== Segment start ==

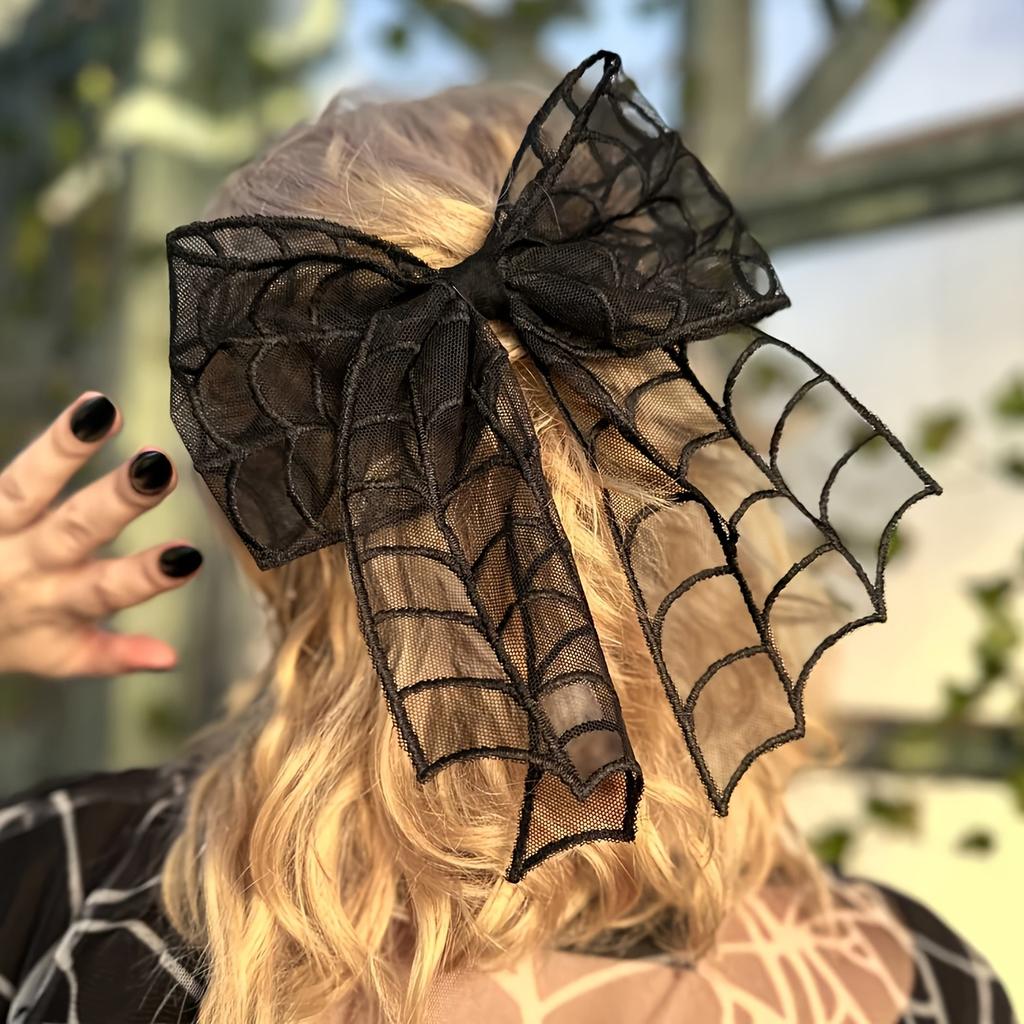 Punk Style Halloween Bat Mesh Bow Mysterious Black Heavy Duty Hair Clip Niche Design High-end Back of the Head Hair Clip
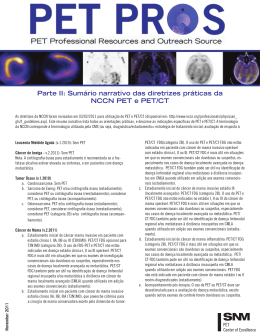 Parte II: Sumário narrativo das diretrizes práticas da NCCN PET e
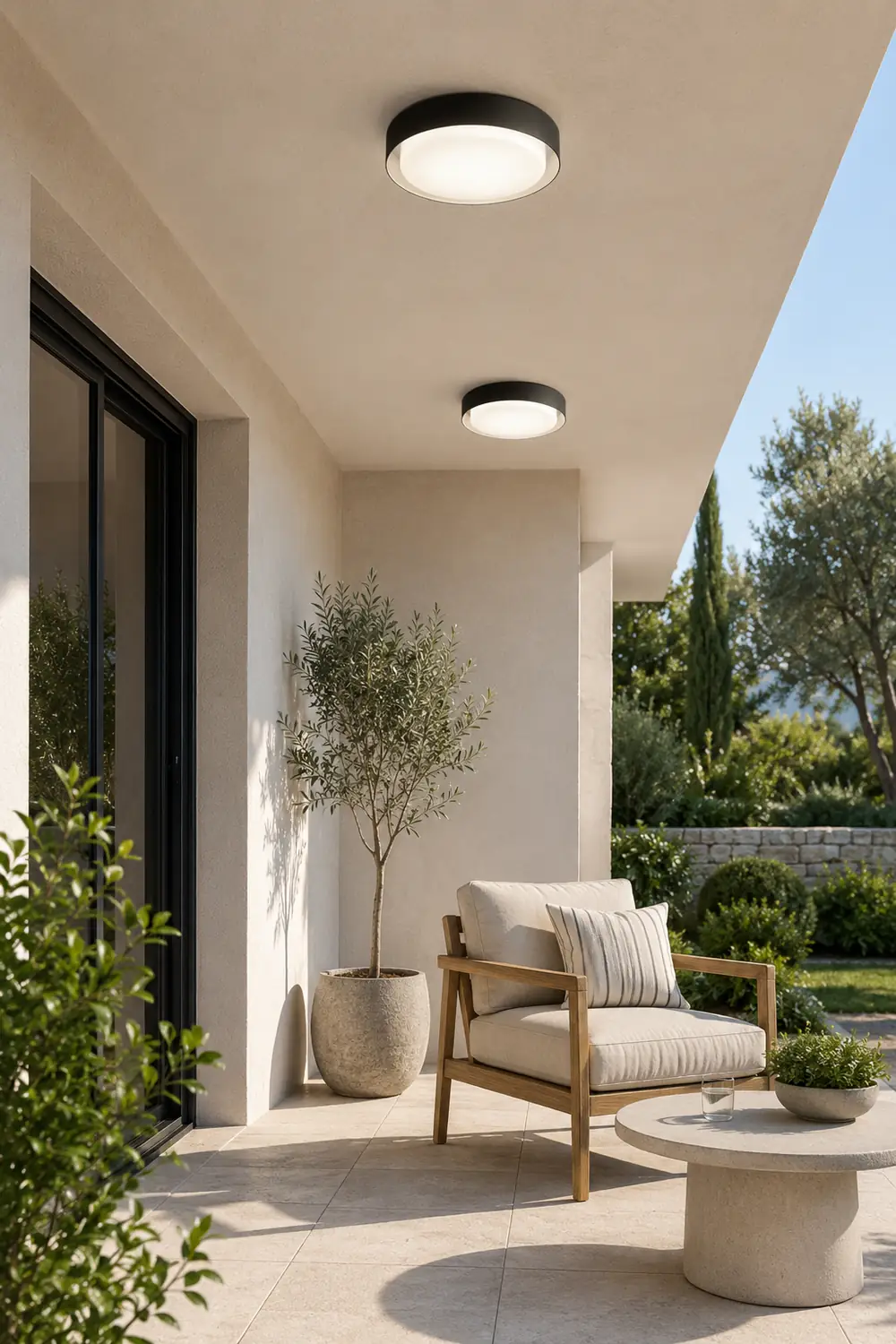 Orr Modern Round Flush Mount Ceiling Light, Metal/Acrylic, White/Black - Lumpaz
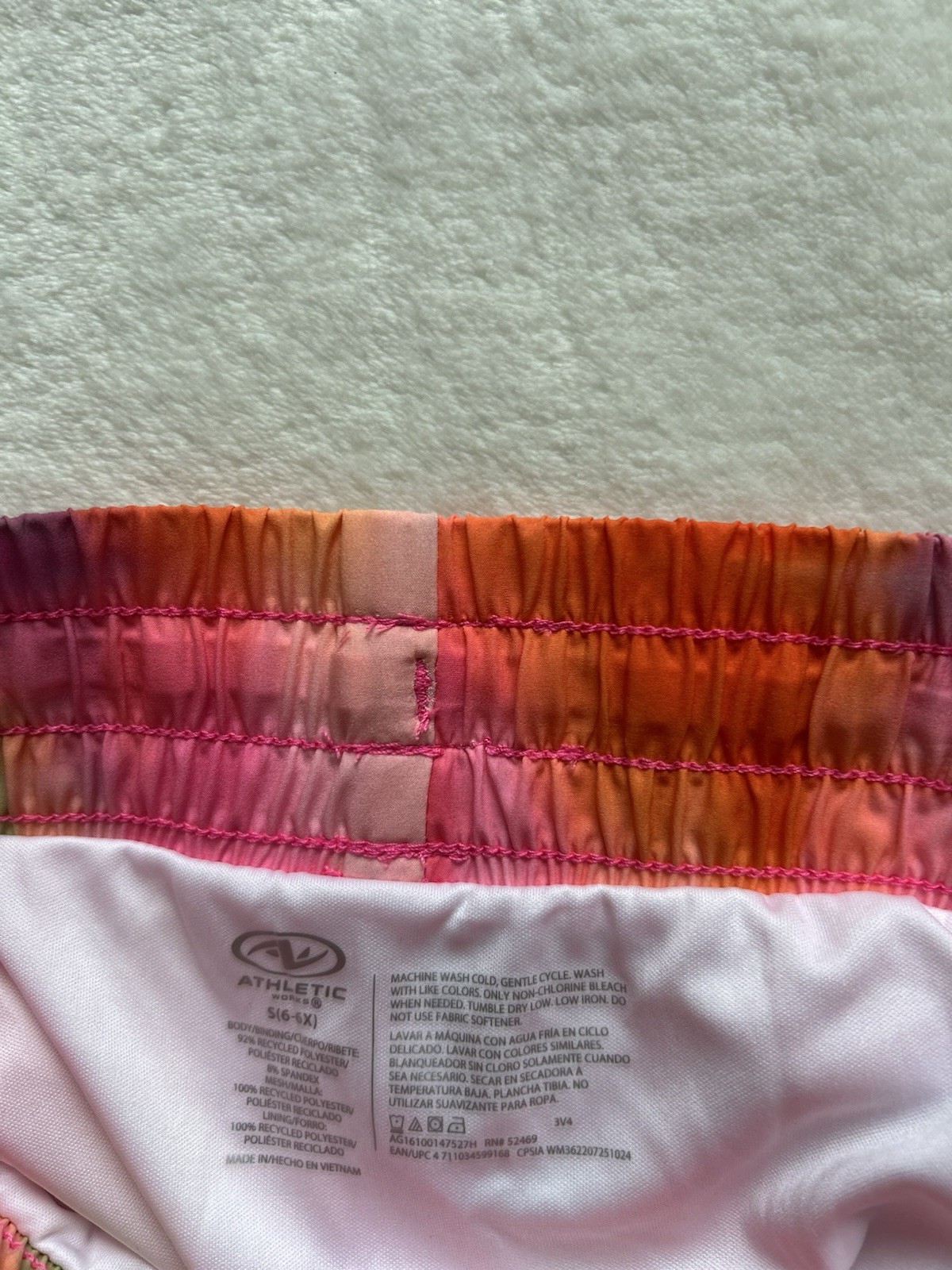 Athletic Works Girls Pink Moisture Wicking Running Shorts with Liner Sz S (6-6X)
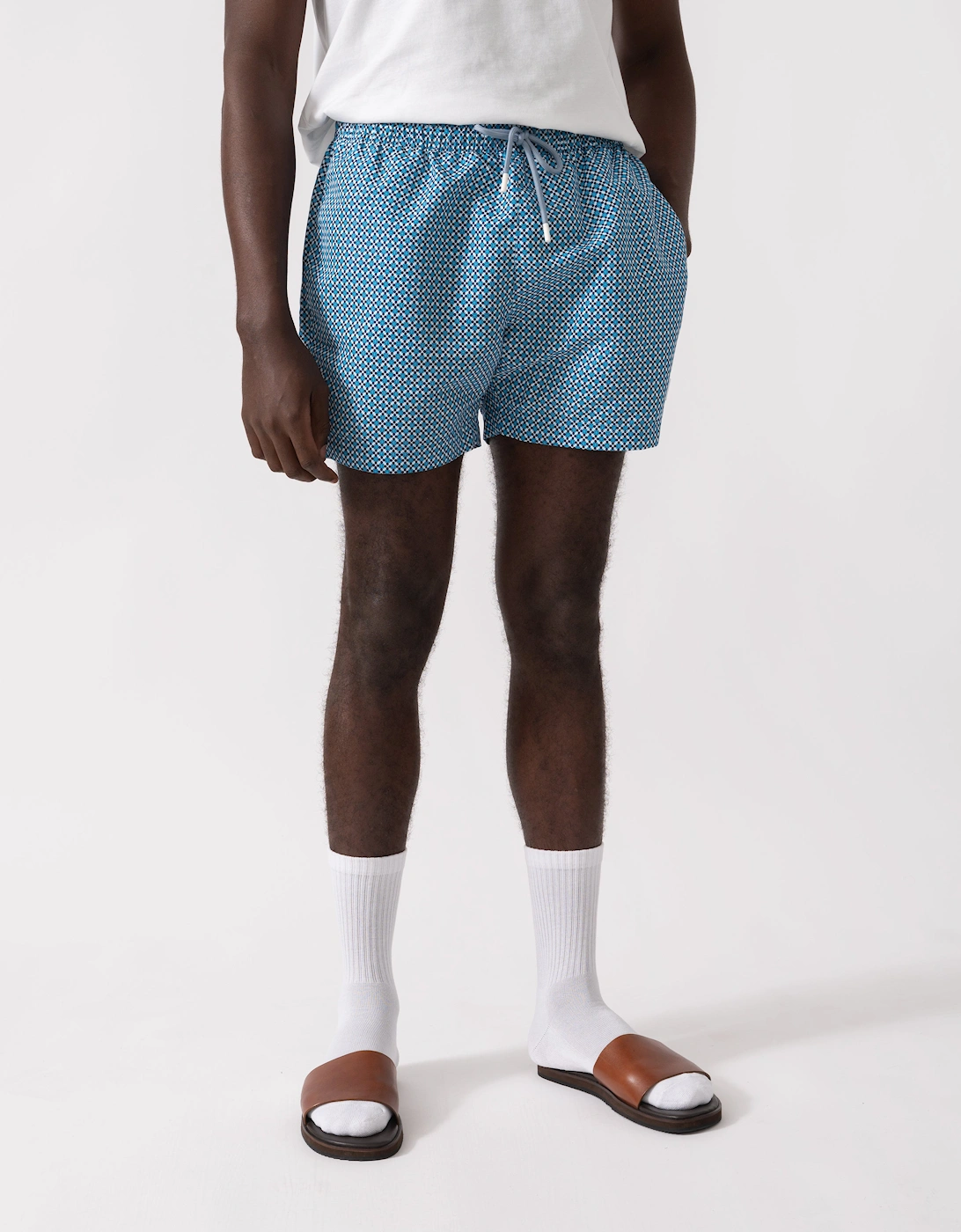 BOSS Orange Vibe Mens Logo-Label Swim Shorts with Seasonal Pattern - Open Blue 483, 5 of 4
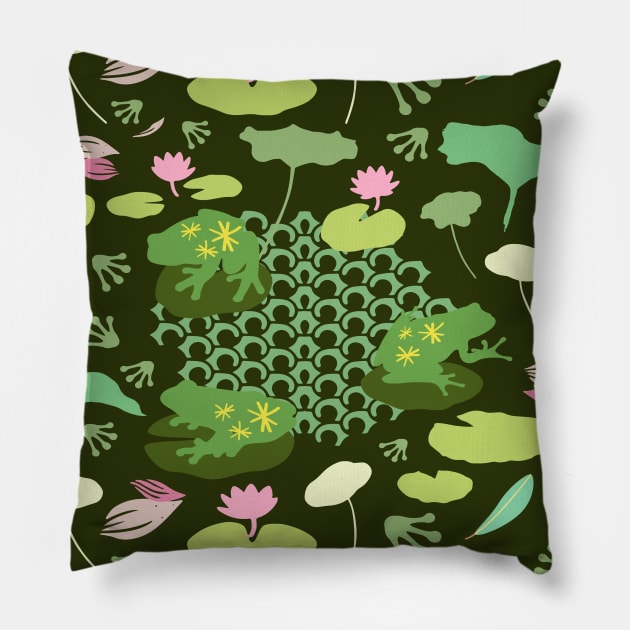 Cuban Tree Frog Species Ponder in Wildlife Lake Pattern Pillow by Mochabonk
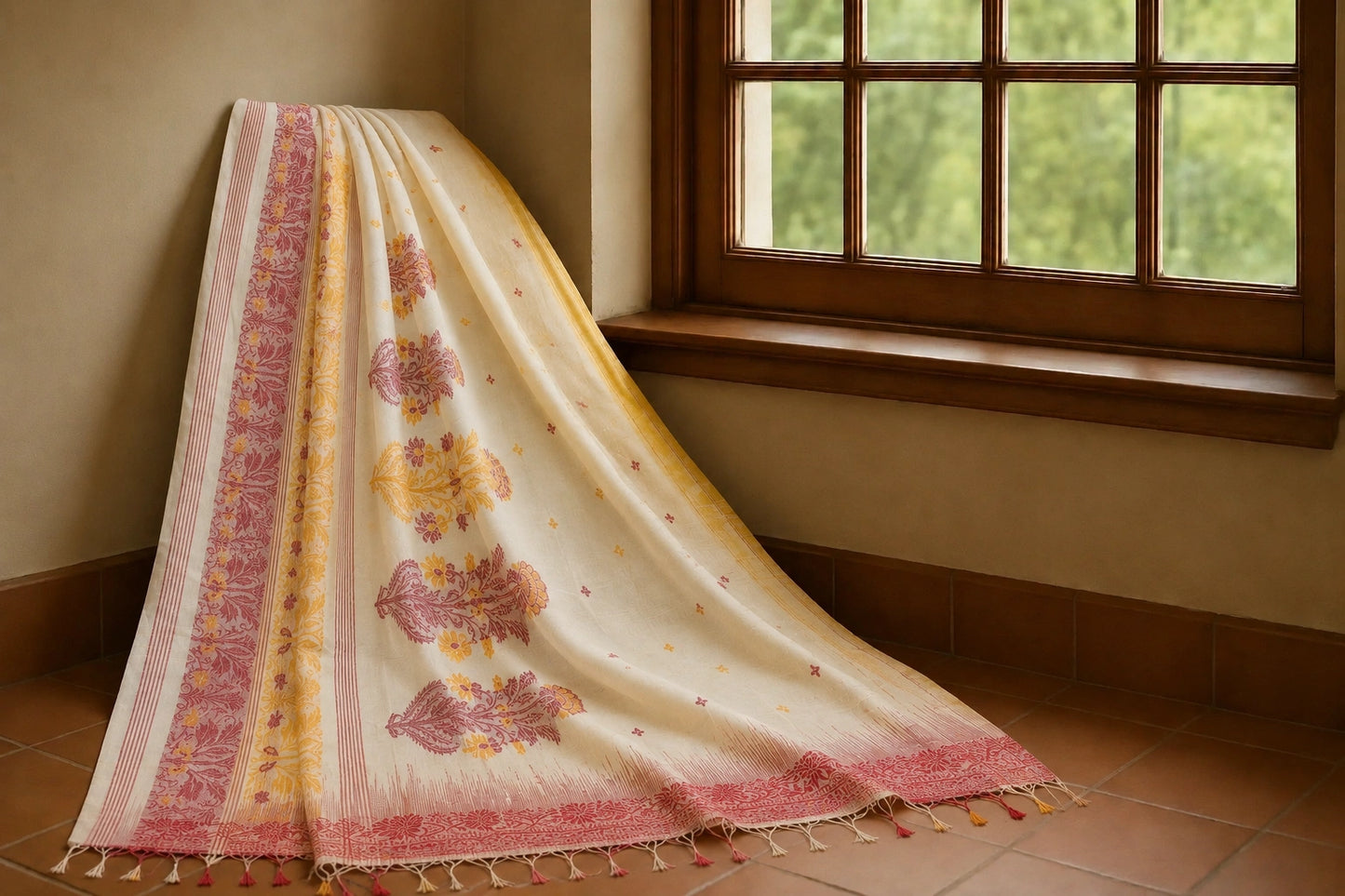 Off-White Cotton Jamdani Ganga Jamuna Border Saree with Pink & Mustard Floral Woven Motifs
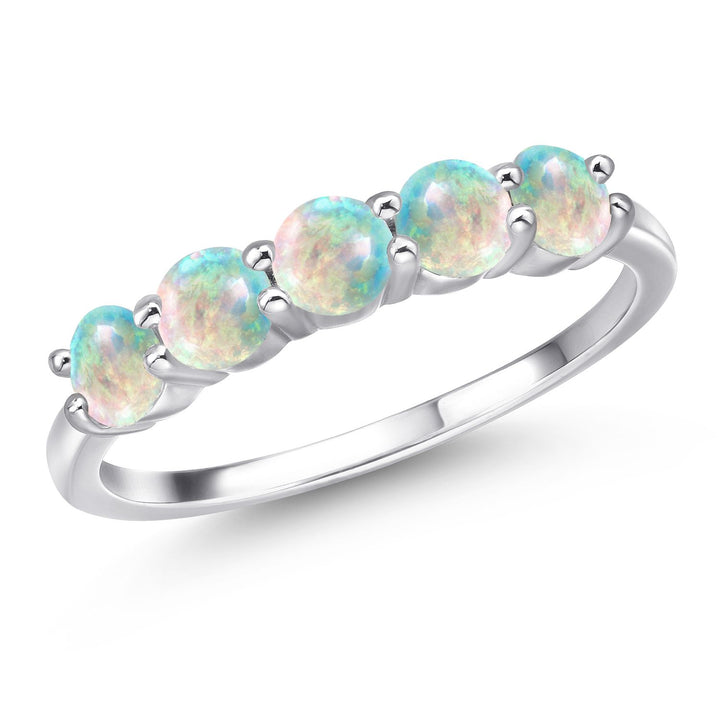 Gem Stone King 5-Stone Wedding Band Ring for Women | 925 Sterling Silver | 4MM Round Gemstone Birthstone | Engagement Anniversary Promise Ring | Sizes 5-9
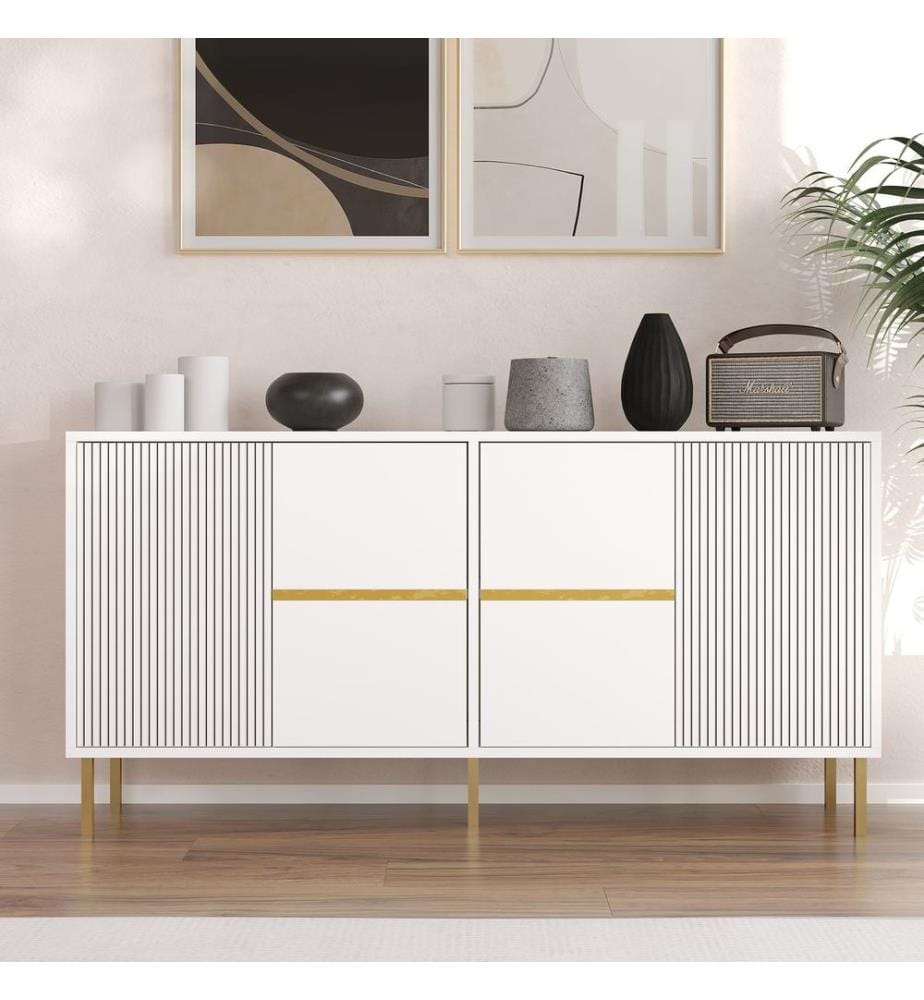 Console, blanc, panneau de particules 100 % mélaminé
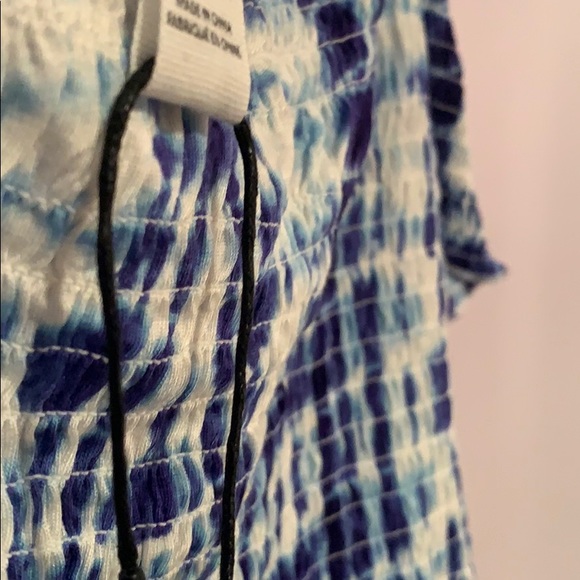 Tie-dye blue and white off the shoulder crop top - Picture 3 of 3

== Segment end ==

→ Task to complete
Copy the lines exactly. Start at the line with "Off-White Cotton Jamdani", end at the last line above, include both, and omit all pictures.

→ Exercise result
 Off-White Cotton Jamdani Ganga Jamuna Border Saree with Pink & Mustard Floral Woven Motifs
 Gem Stone King 5-Stone Wedding Band Ring for Women | 925 Sterling Silver | 4MM Round Gemstone Birthstone | Engagement Anniversary Promise Ring | Sizes 5-9
 Console, blanc, panneau de particules 100 % mélaminé
 Tie-dye blue and white off the shoulder crop top - Picture 3 of 3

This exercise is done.